CARB staff also participated in a collaborative research to estimate PM2.5 species concentrations (i.e., sulfate, nitrate, organic carbon, and elemental carbon) using satellite data in Southern California for 2001-2015 (external link to journal article). This research took advantage of recently developed 4.4 km resolution Multi-angle Imaging SpectroRadiometer (MISR) AOD data. Estimates of PM2.5 species concentrations are useful to show the relative contribution of each composition to total PM2.5 and thus strengthen our understanding of source types for PM2.5. Decreasing trends of all PM2.5 species concentrations for the 15-year period showed that air pollution mitigation strategies have been working in the study region.
Other remote sensing research for air quality and climate change
CARB has recently funded research projects using remote sensing techniques. Remote sensing instruments can be deployed not only on satellites but also at ground and in the aircrafts. The following research shows remote sensing applications for multiple air pollutants and greenhouse gases.

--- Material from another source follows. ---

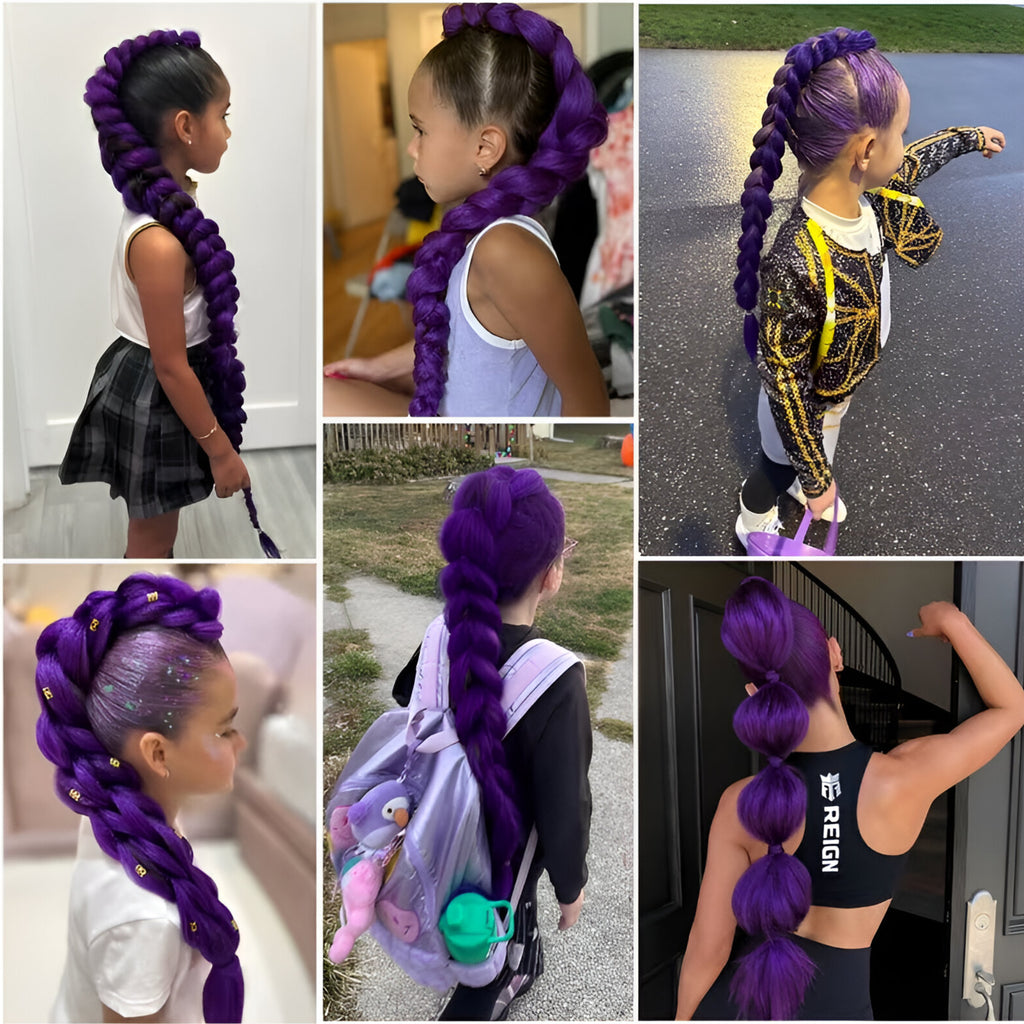 K-Pop Small Rumi Clip On Braided Wig (Kids)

Determination of the Spatial Distribution of Ozone Precursor and Greenhouse Gas Concentrations and Emissions in the LA Basin (Contract 09-318, Completed in 2015) The investigators developed two remote sensing methods to scan the LA basin with remote sensing instruments located in NASA/JPL’s California Laboratory for Atmospheric Remote Sensing (CLARS) on Mt. Wilson (1673 meters ASL). Despite the single monitoring location of the instruments, the high-altitude deployment of the remote sensing instruments enabled the measurements of trace gases, aerosols, and greenhouse gases in the whole LA basin. This study also examined temporal variability in ozone production efficiency, indicated by (HCHO:NO2) ratios, and generated top-down estimates of CH4 and CO2.
Airborne Visible/Infrared Imaging Spectrometer-Next Generation (AVIRIS-NG) for California Statewide Methane Survey (Contract 15RD028). The Survey is a collaborative study of CARB, California Energy Commission (CEC), and NASA/JPL to identify methane emission sources at the facility level. NASA/JPL’s airborne methane imaging was performed by using the AVIRIS-NG instrument. Phase 1 of the Survey was funded by CARB, interim Phase 1 report is available for public review.